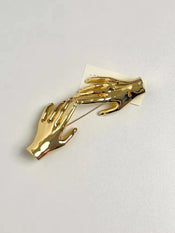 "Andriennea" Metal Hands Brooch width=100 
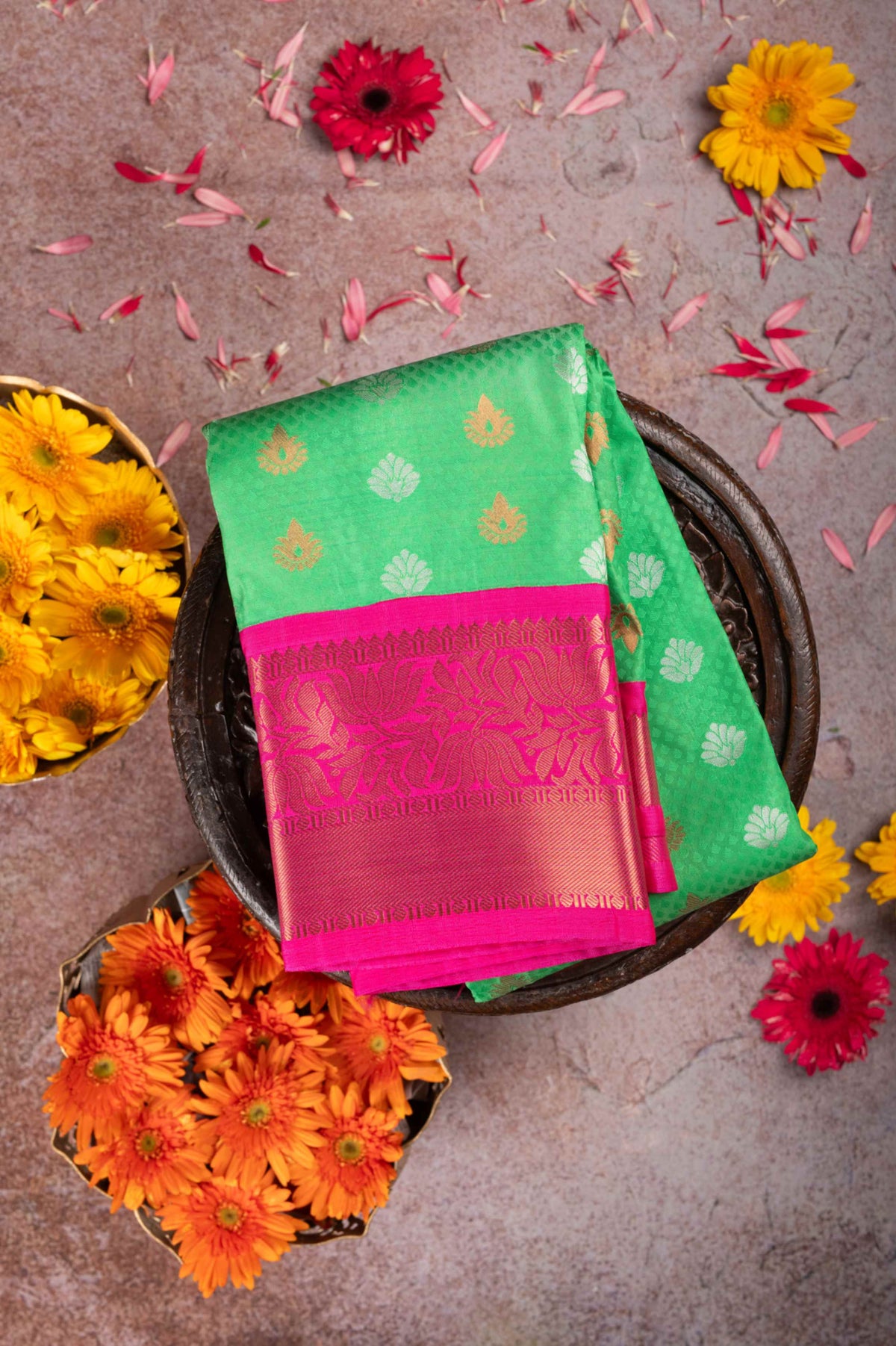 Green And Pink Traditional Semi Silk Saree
*-*-*
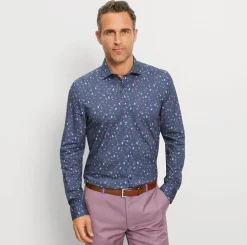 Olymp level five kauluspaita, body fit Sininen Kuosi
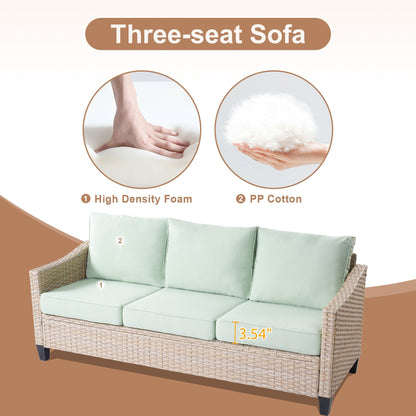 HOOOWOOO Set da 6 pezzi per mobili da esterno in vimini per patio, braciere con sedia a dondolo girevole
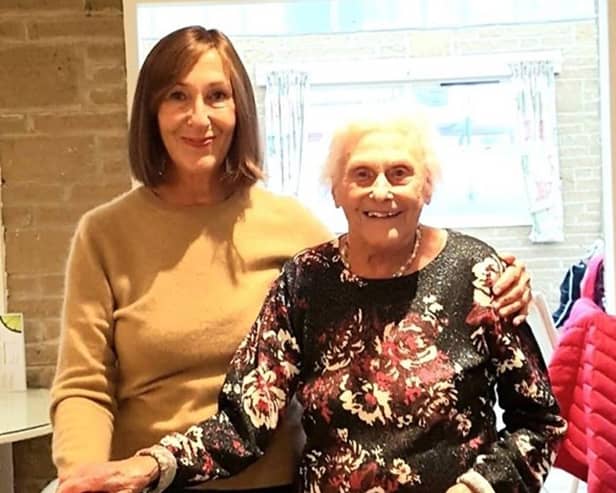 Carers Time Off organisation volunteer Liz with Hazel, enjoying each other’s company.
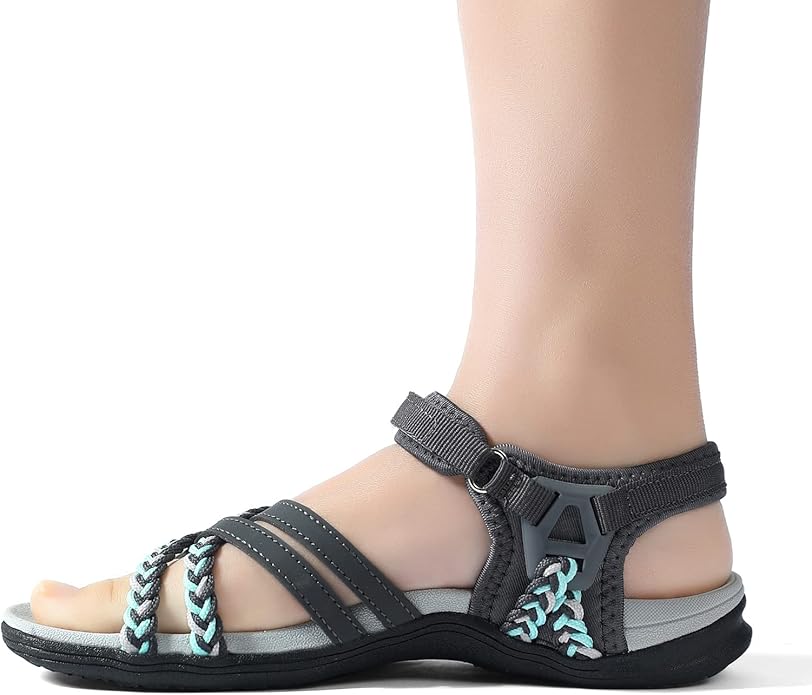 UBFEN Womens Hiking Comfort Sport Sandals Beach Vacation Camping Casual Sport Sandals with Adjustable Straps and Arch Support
*-*-*
Using the entries above, transcribe exactly from the line that has "Hands Brooch width=100" through the line that has "Green And Pink Traditional Semi Silk Saree". Pictures are dropped.

_Solved exercise_.
 "Andriennea" Metal Hands Brooch width=100 
 Green And Pink Traditional Semi Silk Saree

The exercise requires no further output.